- Birth name: Frederick Allan Frank
- Born: October 24, 1950 (age 74)
- Origin: Peoria, Illinois, U.S.
- Genres: Americana country
- Occupation(s): Singer, songwriter, musician
- Instrument(s): Vocals, guitar
- Years active: 2007–present
- Labels: Apple Farm Music
- Website: allanfrankmusic.com

= Allan Frank =

Frederick Allan Frank (born October 24, 1950) is an American singer, songwriter, and performer from Peoria, Illinois.

==Biography==
Frank attended Quincy College (now Quincy University) where he earned his Bachelor of Fine Arts in theater. It was there that he developed an interest in songwriting.
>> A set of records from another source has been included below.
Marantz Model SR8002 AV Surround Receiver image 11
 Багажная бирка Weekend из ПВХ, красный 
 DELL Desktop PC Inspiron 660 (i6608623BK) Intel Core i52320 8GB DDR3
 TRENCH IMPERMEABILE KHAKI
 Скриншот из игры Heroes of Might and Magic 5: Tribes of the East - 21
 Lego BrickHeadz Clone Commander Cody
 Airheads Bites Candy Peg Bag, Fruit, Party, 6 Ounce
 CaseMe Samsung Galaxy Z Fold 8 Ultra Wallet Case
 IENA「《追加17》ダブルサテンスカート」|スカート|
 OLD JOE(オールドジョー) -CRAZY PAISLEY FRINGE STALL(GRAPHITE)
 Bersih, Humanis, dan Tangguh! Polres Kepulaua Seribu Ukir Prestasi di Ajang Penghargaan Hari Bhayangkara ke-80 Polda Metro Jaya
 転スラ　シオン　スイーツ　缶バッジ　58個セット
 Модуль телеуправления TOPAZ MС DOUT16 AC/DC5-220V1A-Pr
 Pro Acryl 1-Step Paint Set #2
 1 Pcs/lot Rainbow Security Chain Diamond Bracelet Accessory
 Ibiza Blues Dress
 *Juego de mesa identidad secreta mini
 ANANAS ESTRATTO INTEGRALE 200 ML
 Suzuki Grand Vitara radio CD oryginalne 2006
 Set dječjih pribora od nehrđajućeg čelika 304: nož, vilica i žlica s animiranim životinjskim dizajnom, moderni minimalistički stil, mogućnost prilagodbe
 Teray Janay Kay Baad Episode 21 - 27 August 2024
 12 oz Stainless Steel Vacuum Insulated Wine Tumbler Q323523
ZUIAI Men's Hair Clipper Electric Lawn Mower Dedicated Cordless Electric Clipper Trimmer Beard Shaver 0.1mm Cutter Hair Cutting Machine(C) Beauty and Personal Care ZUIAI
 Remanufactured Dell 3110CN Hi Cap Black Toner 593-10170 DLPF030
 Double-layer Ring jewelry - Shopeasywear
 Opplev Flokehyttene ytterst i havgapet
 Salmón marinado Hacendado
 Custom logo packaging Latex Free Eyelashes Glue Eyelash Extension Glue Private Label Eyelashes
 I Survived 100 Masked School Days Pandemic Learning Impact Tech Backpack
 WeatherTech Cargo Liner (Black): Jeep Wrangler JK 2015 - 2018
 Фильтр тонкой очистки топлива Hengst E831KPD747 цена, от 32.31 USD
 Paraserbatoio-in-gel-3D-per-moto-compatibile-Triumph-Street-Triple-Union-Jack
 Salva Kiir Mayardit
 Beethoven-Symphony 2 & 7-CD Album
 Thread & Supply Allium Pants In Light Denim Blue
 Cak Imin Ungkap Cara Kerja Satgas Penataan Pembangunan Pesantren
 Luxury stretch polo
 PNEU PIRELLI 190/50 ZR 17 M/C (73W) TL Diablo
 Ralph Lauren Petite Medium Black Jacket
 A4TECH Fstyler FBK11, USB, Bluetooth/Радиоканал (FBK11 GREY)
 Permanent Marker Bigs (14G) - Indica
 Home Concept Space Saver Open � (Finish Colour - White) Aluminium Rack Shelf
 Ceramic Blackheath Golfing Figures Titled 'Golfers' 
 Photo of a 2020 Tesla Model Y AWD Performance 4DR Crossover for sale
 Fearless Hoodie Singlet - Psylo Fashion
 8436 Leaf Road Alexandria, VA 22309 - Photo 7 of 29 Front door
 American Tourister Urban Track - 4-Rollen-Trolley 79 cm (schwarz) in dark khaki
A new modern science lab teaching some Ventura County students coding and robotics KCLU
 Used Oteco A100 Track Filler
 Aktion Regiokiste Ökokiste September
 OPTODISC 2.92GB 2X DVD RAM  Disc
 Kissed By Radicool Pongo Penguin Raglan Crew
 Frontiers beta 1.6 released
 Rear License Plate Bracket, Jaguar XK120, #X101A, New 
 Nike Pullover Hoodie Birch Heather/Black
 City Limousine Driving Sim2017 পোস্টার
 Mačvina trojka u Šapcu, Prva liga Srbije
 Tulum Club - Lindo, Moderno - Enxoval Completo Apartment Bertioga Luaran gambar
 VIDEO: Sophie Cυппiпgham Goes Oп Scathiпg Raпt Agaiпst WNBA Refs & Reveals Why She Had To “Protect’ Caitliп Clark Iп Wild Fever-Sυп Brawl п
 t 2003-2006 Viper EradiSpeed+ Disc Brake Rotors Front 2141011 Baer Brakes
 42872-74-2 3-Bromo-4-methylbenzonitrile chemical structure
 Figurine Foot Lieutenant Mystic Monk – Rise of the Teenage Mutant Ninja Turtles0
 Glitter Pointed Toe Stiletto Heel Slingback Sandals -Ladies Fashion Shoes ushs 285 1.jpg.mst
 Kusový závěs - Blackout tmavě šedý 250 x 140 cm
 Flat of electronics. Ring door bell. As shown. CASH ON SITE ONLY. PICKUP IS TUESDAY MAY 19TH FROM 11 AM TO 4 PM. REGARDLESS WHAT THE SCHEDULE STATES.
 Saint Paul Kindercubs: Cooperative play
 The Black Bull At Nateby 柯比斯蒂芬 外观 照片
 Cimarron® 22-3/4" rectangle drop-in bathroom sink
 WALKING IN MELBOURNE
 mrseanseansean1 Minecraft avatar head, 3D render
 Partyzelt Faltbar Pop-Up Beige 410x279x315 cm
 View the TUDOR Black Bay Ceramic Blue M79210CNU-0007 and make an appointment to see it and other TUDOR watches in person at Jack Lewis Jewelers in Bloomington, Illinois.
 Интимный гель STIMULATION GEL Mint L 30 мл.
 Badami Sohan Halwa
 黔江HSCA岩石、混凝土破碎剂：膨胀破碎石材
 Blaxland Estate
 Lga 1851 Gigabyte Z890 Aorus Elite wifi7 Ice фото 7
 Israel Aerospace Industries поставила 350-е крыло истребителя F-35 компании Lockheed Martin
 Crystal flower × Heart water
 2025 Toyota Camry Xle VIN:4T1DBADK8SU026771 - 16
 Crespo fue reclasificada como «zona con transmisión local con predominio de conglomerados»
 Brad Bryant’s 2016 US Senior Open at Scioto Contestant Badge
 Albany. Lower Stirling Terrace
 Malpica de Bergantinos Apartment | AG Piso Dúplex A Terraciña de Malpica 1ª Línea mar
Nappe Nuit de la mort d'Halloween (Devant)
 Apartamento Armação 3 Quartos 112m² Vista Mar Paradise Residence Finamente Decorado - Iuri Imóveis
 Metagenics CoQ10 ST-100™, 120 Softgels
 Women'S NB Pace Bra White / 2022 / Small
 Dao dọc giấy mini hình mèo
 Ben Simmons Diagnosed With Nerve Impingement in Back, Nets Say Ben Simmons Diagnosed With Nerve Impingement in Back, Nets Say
Following college, he traveled Europe and formed the short-lived band Deliverance in Hamburg, Germany. After the disbanding of Deliverance, he relocated to Los Angeles where he began working in the Aerospace and Defense industry while still writing songs in his spare time. He retired from the Aerospace industry and began songwriting full-time.

In 2000, Frank won first place for Best Country song in the Unisong International Song Contest. In 2007 he began working his own material, and in 2009 he released his first full-length album entitled The Road So Far on the independent label, Apple Farm Music.